On the other hand, life insurance can help pay off expenses related to an individual’s funeral, the debts of their estate, and any estate taxes that may be imposed. It can help resolve any immediate financial needs in the wake of your death. The probate process tends to be protracted and complex, so life insurance may be useful if much of your estate will need to pass through probate. (Life insurance will not pass through probate unless you name your estate as the beneficiary of the policy, which you should try not to do.) If your estate contains many non-liquid assets, such as real estate and business property, you may want to purchase life insurance to avoid the need to sell these assets soon after your death. Selling them to pay the immediate bills may result in selling them for less than what they are worth.
Working with a Life Insurance Agent
If you decide that you want to purchase life insurance, the first step is to evaluate the prices of various policies. You will find that different companies and brokers charge different rates and commissions for similar coverage. Then, you will want to decide whether you will buy the policy of your choice from the insurance company directly or whether you will get assistance from an insurance agent.

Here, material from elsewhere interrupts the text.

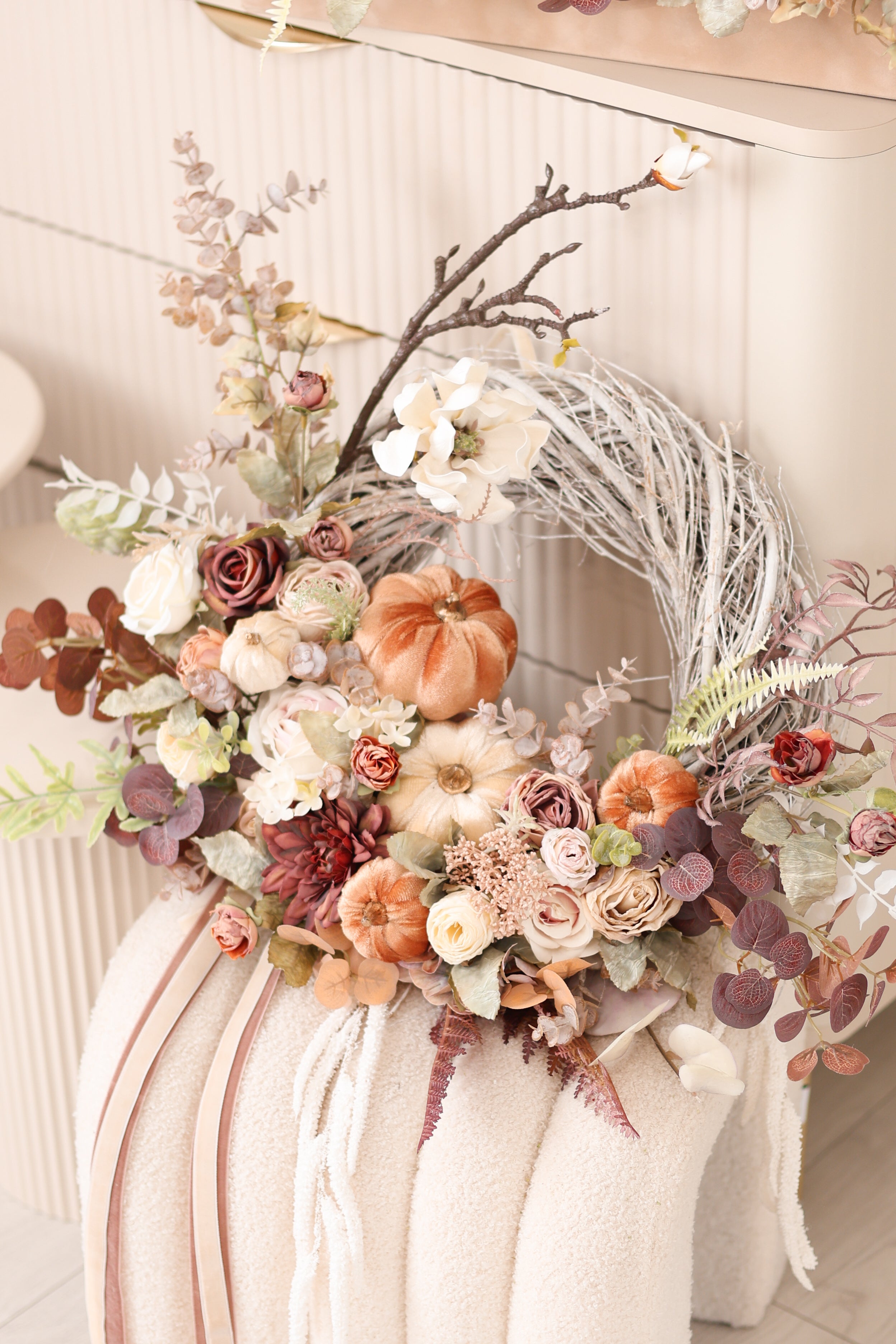 Fall Pumpkin Wreath, Autumn Front Door Wreath, Thanksgiving Wreath, Rustic Fall Floral Wreath, Harvest Decor, Neutral Autumn Wreath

You should understand the difference between salespeople and brokers. Salespeople sell for only one company, while brokers sell for several companies. While a broker might seem to be a more attractive choice, you will want to choose an agent who seems trustworthy and candid about the options. They should not subject you to pressure or urge you to add unnecessary extras to a policy. If a term policy meets your needs better than a permanent policy, you should be suspicious of an agent who keeps pushing you toward a permanent policy once you have explained your preference.
When you are looking for an agent, you should ask friends and family members for references. You should make sure that the agent has a valid license in your state and is not facing disciplinary proceedings. If they have had several complaints filed against them in the Better Business Bureau or other consumer organizations, these may be a red flag. You should discuss your situation with various prospective agents before determining who is the right fit for you. Your agent should show interest in your personal needs and preferences rather than just pushing you toward a policy.
Evaluating Insurance Companies
You might not be aware that insurance companies may not be as stable as they seem. If an insurance company is facing significant difficulties or goes bankrupt, you may face the daunting prospect of losing much of the money that you invested in the policy. Almost all states provide a guarantee fund for this situation, so you probably would not lose everything. However, it will take time for the state government to take control of the insurance company, examine the details of the situation, and distribute funds to policyholders.
Instead of relying on a state guarantee fund, you should try to prevent this situation in advance by getting assurance that your insurance company is stable. You can review moodys.com, ambest.com, and similar sites to see the ratings of each company.